Showing Up for Racial Justice

We still have work to do to assure Black Mississippians that racial justice is an ACLU priority. The only way to really accomplish that is to do the work and show up.

The ACLU of Mississippi was incorporated in 1969 but our origin story began a few years earlier.

The national ACLU office was active in the lead up to 1964’s Freedom Summer and supported civil rights attorneys working in the state. Other legal advocacy organizations, including the Lawyers’ Committee and the NAACP Legal Defense and Educational Fund, opened offices on Jackson’s Farish Street.

These organizations and civil rights attorneys successfully brought cases in not only Mississippi, but Louisiana, Alabama and other parts of the South. They successfully worked on redistricting cases, implementing The Voting Rights Act, defending Black citizens from police brutality, and protecting the first amendment rights of civil rights activists.

ACLU was one of the national organizations that provided financial and legal support to a group of lawyers that came to be known as the “Farish Street Crow.”

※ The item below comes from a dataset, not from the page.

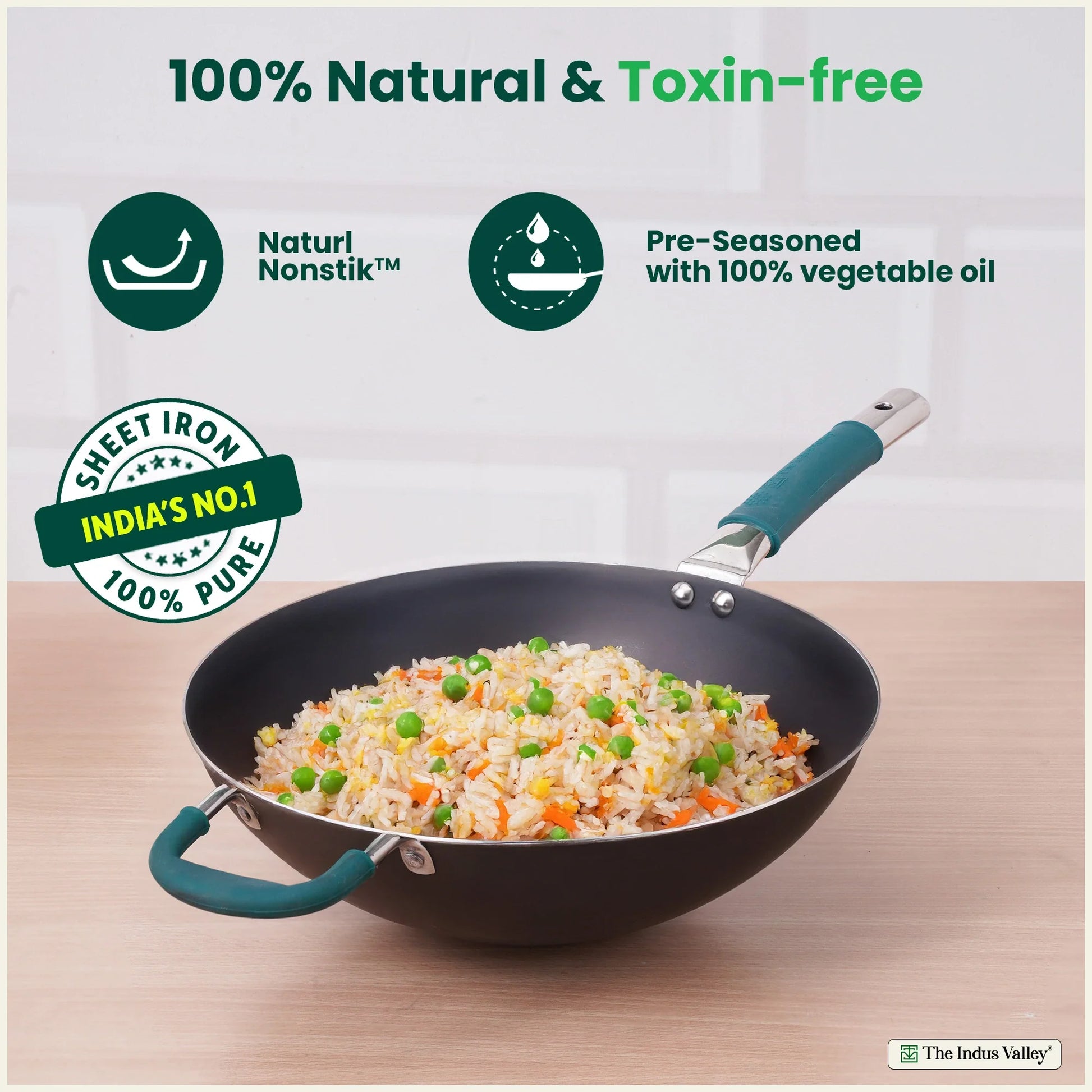 100% Pure Sheet Iron Wok Steel handle with silicone grip & Helper Handle, Toxin-free Sheet Iron, Pre-seasoned, 4L /30 Cm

As the civil rights movement moved to a different phase, Black and White advocates that worked to advance civil rights in Mississippi wanted to build a statewide organization that would address the emerging social justice challenges, while providing a space for advocates of all races to work in solidarity.

In 1969, a group of these advocates met at Farish Street restaurant and went about incorporating a Mississippi affiliate of the ACLU.  After its founding, the ACLU of Mississippi prioritized racial justice, women’s rights and protecting the free speech of war protestors.

But it is important to acknowledge that the organization suffered from a profound racial split in 1977.

That year, the Ku Klux Klan attempted to hold a rally on public grounds in Harrison County. Local officials denied the request and the Klan turned to the ACLU of Mississippi for legal representation.

According to notes from Alison Steiner, a former board member, there was a heated debate within the ACLU Mississippi board on whether to take the case. All of the affiliate’s Black board members voted against it. However, enough of the white members voted yes and ACLU of Mississippi took the Klan's case. As a result, all of the Black members resigned from the board. Though the board later reversed their decision when the Klan sought to move their case from state to federal court, the damage was done.

I didn’t know this when I asked Constance Slaughter-Harvey to permit us to brand a new attorney position with her name, but Judge Slaughter-Harvey was one of the board members that left the ACLU of Mississippi. She shared that with us and explained how deeply the organization lost the trust of Black Mississippians. 

Learning that shared history is even more confirmation that we need this partnership between the ACLU of Mississippi and Judge Slaughter-Harvey.

This is an opportunity to state the record of our work in Mississippi, while also demonstrating our office’s commitment to fighting for racial justice here at home. 

Our team has taken a very intentional approach to advancing racial justice and protecting voting rights.

Particularly, we have worked to increase our legal capacity to confront issues of racial discrimination and voting rights. We are currently leading voting rights litigation to ensure Black voting power is not diminished by gerrymandered legislative and Supreme Court Districts. We are representing residents from the historical Black Gulfport community of Turkey Creek as they appeal a state decision to allow the building of a military installation in their neighborhood. We also launched the Policing Accountability Project, an initiative that has resulted in two federal lawsuits against Lexington police and city officials.

We hope to make this a sustainable legal effort. We understand that we are not going to win, relying on the Courts alone. Our goal is to organize, especially the Black professional community, around these serious social justice issues. 

That’s why the ACLU of Mississippi has launched the Liberty Circle, a new racial justice donor fund. This is our effort to build and organize support of our racial justice legal advocacy. All contributions to the fund will support our racial justice litigation, including the employment of the Constance Slaughter-Harvey Staff Attorney position.

We are honored to have Judge Slaughter-Harvey’s support. Because of our shared past, we are grateful that she trusts our organization.

We still have work to do to assure Black Mississippians that racial justice is an ACLU priority. The only way to really accomplish that is to do the work and show up.